Employees of the video game company Activision Blizzard hold a walkout and protest rally to denounce the company’s response to a California Department of Fair Employment and Housing lawsuit and to call for changes in conditions for women and other marginalized groups, in Irvine, California, on July 28, 2021. David McNew, AFP/File 
Employees of the video game company Activision Blizzard hold a walkout and protest rally to denounce the company’s response to a California Department of Fair Employment and Housing lawsuit and to call for changes in conditions for women and other marginalized groups, in Irvine, California, on July 28, 2021. David McNew, AFP/File 

More than 20 employees of "Call of Duty" maker Activision Blizzard have "exited" the gaming giant, the company said in a staff email, following accusations of sexual harassment and discrimination against women.
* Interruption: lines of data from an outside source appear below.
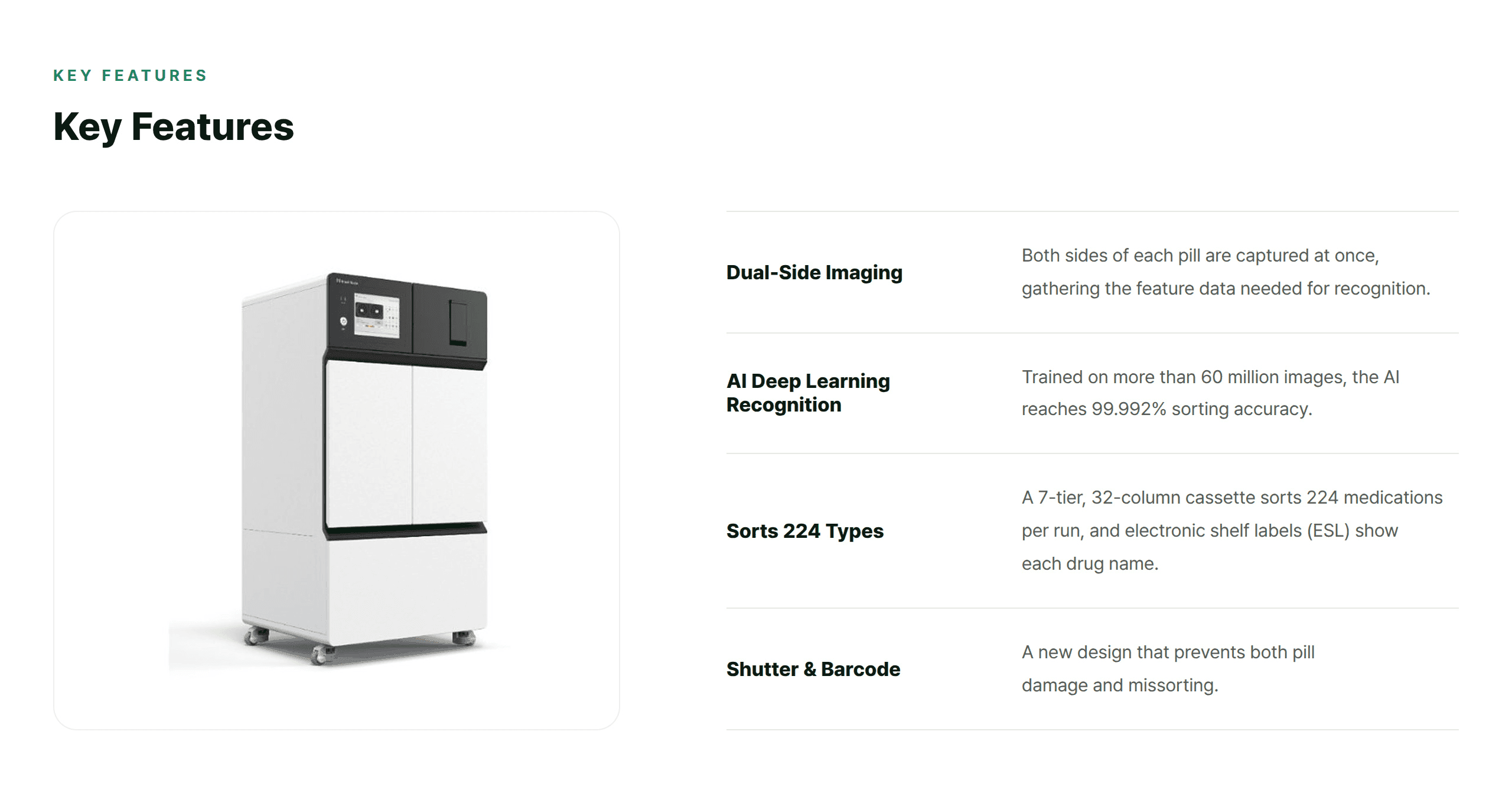 PillBot key features - dual-side imaging, AI deep learning recognition, sorts 224 types, shutter and barcode
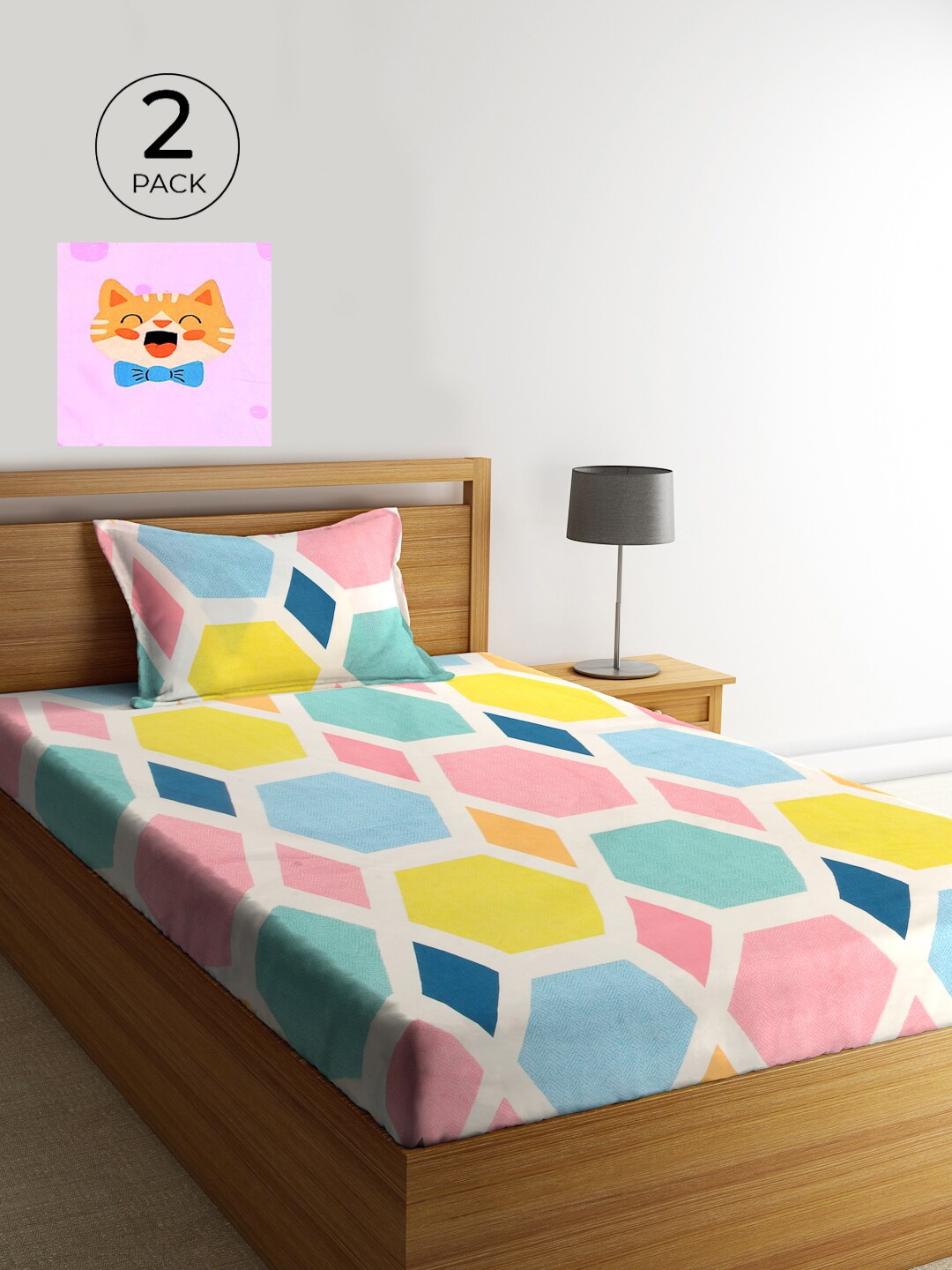 

KLOTTHE Set Of 2 Pink & Blue Geometric 210 TC Single Bedsheet with 2 Pillow Covers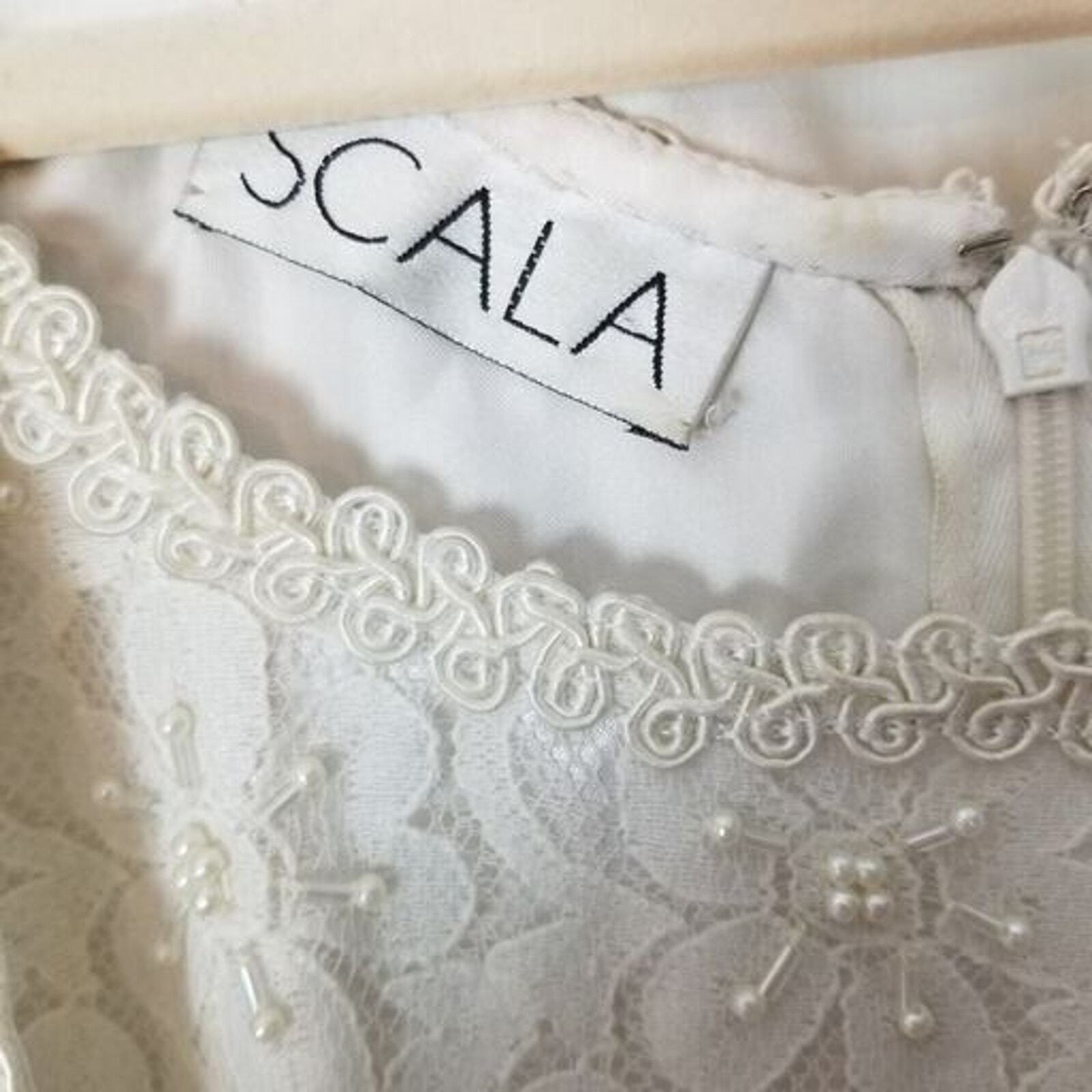 VTG Scala Womens S Ivory Beaded 2-Piece Long Sleeves Maxi Formal Gown Dress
In August, the California-based video game maker had promised a review of its practices following employee walk outs over management's initial dismissal of a state lawsuit that described a "pervasive frat boy workplace culture."

In an email sent to staff Tuesday, the company's chief compliance officer Fran Townsend said "more than 20 individuals have exited Activision Blizzard and more than 20 individuals faced other types of disciplinary action" over concerns reported both recently and a few years ago. 

The Financial Times reported Tuesday that more than 20 employees had been fired, including game developers and a few supervisors. 

Activision also said it would expand its compliance team as it fields an increasing number of complaints and aims "to build a more accountable workplace and culture."

Reports could be filed anonymously, the company said in the staff email, adding it would "not hesitate to terminate or discipline" anyone found violating its policies. 

Activision's latest shakeup comes amid growing complaints about the treatment of women in the gaming industry in recent years.

According to the ongoing lawsuit filed by the California Department of Fair Employment and Housing, women make up only about 20 percent of Activision's staff and "very few women ever reach top roles at the company."

In addition to reviewing workplace conditions, Activision has pledged to examine its depiction of women in its popular games.

The US Securities and Exchange Commission launched a separate, federal investigation last month into whether the company had properly disclosed harassment and discrimination claims to investors. 

That same month, Activision and the US Equal Employment Opportunity Commission (EEOC) reached an agreement over settling claims, with the company to pay $18 million into a compensation fund.